Abstract

Nievelstein and Vermeij-Keers call attention to their work on the normal and abnormal development of the cloaca in relation to anorectal malformations [1,2]. In these studies they confirmed for the greater part new ideas that had emerged from my earlier investigation in normal pig embryos and pig embryos with hereditary congenital anorectal malformations [3,4], and had been related to the human condition [5]. There were also some differences of opinion. Those related to normal development, reiterated in their letter, have been discussed in a preceding monograph about the normal development of the human perineum [6] and were not repeated in the present article [7], which was primarily focused on malformations. In that monograph I have demonstrated that: (1) the cloaca becomes divided into urogenital and anal compartments by the disproportionate growth of the urogenital part over the anal part, and the classical descending urorectal (Letter: urogenital) septum does not exist; (2) the dorsal (anal) part of the cloaca forms the deep part of the permanent anal canal, which is also proven by the zone of typically cloacal pseudostratified columnar epithelium with anal glands at the linea dentata of the definitive anorectum; and (3) a “secondary occlusion” of the anorectal canal is a deceptive phenomenon caused by a high epithelium in a narrow segment of the canal that obscures a (persisting) central lumen.

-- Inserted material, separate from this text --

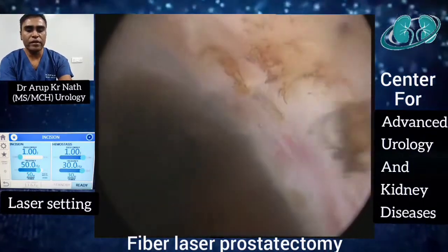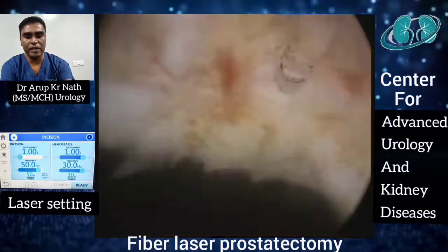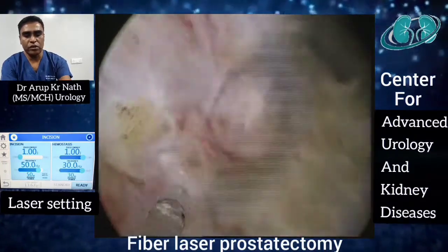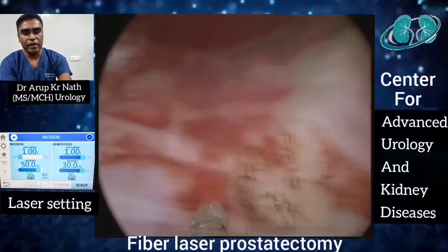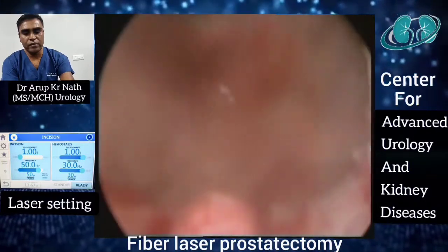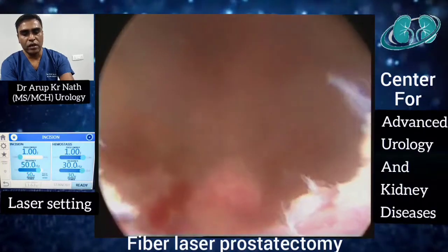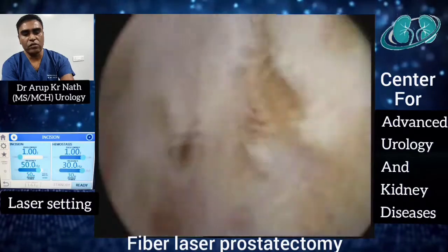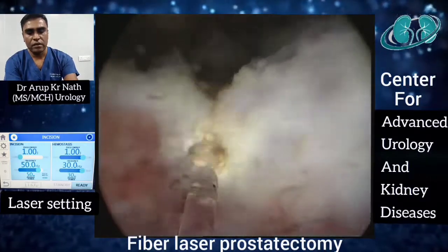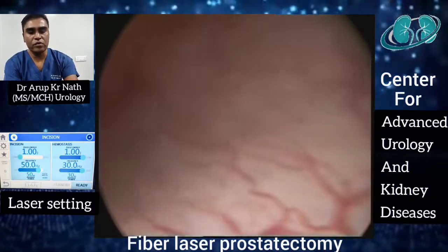At this moment we have a quick round of the prostatic fossa again to check for any pinpoint bleeding vessel, and we can activate the laser on hemostatic mode so that it can be immediately taken care of. You can see the verumontanum, which is the distal limit at the apex level. There is no bleeding visible at this moment. We conclude the procedure by making a small bladder neck incision — this can be avoided if the bladder neck is not too elevated, but here it was elevated so a small incision was made.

With secondary occlusion an illusion, defective recanalization cannot be considered as the mechanism responsible for causing a malformed or occluded anus at the normal position (apart from the unlikely process that persistence of a purely epithelial “plug” would lead to the essentially stromal permanent “imperforate anal membrane,” stenosis and buckle handle). The present study points at narrow, occasionally microscopic, canals between the dilated anorectum and the surface, i.e., ectopic anorectal canals, which may disappear later with blind-ending anorectum as a result. The observations disqualify the categorization proposed by the authors.
Their magnetic resonance imaging study, which is impressive from a clinical point of view, was not referred in the present article [7] because it did not provide additional data to the much more detailed histological information of the present investigation.